7On comprend que bien souvent, les évolutions dans la façon dont les motifs et personnages sont retravaillés correspondent à un renouvellement du public visé. L’association entre enfance et merveille – sous la forme de la pensée magique, de l’âge d’or, du paradis perdu, etc. –, qui peut apparaitre spontanée et comme atemporelle, semble en réalité beaucoup plus récente, s’affermissant entre les secondes moitiés des xviiie et xixe siècles, quand les éditions de contes folkloriques (Grimm, Afanassiev) coïncident avec la naissance anglaise de la fantasy et avec le développement des premières formes d’industrie culturelle. Or, si le retour au premier plan, depuis le tournant du xxe siècle, des genres et motifs du merveilleux, se trouve puiser très largement dans cet héritage, c’est en lui conférant, à destination d’un public élargi, des enjeux inédits. On touche là à un des aspects les plus prégnants de la redéfinition du territoire du merveilleux : les succès transgénérationnels d’Harry Potter et dans une moindre mesure de Twilight ont mis en lumière un phénomène de perméabilité et de circulation des consommations culturelles sans nul doute plus ancien, mais que la « juvénisation » généralisée de nos sociétés2 a désormais rendu non seulement avouable mais visible, voire revendiqué. Cette importance prise par un public adolescent et young adult entraîne la multiplication des projets « passerelles » (ou crossover, c’est-à-dire doublement adressés), et thématiquement, la recherche d’un équilibre entre merveille et noirceur.

  • 3 La fantasy pour adultes évolue d’ailleurs parallèlement, se détachant des productions pour la jeune (...)

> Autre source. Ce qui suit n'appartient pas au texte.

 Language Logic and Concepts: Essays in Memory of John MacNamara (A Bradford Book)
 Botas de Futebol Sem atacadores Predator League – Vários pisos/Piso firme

8The Night Circus en donne un exemple tout à fait représentatif ; la question de la catégorie de public à laquelle il était destiné s’est d’ailleurs posée à sa sortie. De la même façon, des trois Chaperons d’Alice Brière-Hacquet, l’un s’adressait bien aux enfants (et aux parents-lecteurs), mais le second aux adolescent(e)s (le roman se clôt symboliquement sur la prise d’autonomie du personnage) et le troisième aux jeunes adultes lecteurs de bande dessinée pour public averti (le Chaperon de l’épisode des Fables est une usurpatrice, façon peut-être de dénoncer le miroir aux alouettes de la nostalgie). Les centaures d’Hélène Gallé se répartissent quant à eux de façon très équilibrée, dans un corpus de fantasy dont une des intrigues structurantes suit un schéma d’initiation (qui non seulement relève des plus anciennes formules de récit mais se décline pour tous publics), entre des séries d’ouvrage destinés plutôt aux adultes ou plutôt aux grands enfants lecteurs. On peut tout de même repérer que ces dernières s’imposent majoritairement dans les corpus les plus récents : tout se passe comme si la formidable expansion du genre fantasy dans le secteur jeunesse se faisait pour partie aux dépens de ses déclinaisons pour adultes, en en récupérant certains des scénarios architextuels privilégiés, pour se les accaparer dans un domaine désormais presque réservé3.

9Trois articles du dossier abordent prioritairement les redéfinitions contemporaines du merveilleux par cet angle du public « visé », observant la manière dont un auteur, une œuvre, un corpus, conçoivent leur relation au passé intertextuel qu’ils revisitent dans la perspective d’une réception spécifique. Quand Miyazaki renoue à destination des plus jeunes spectateurs les trames archaïques d’un « grand » merveilleux, les films et romans pour adolescents illustrent la dynamique inverse, mieux identifiée sans doute, de récupération des scénarios et motifs « enfantins » au profit de la classe d’âge supérieure.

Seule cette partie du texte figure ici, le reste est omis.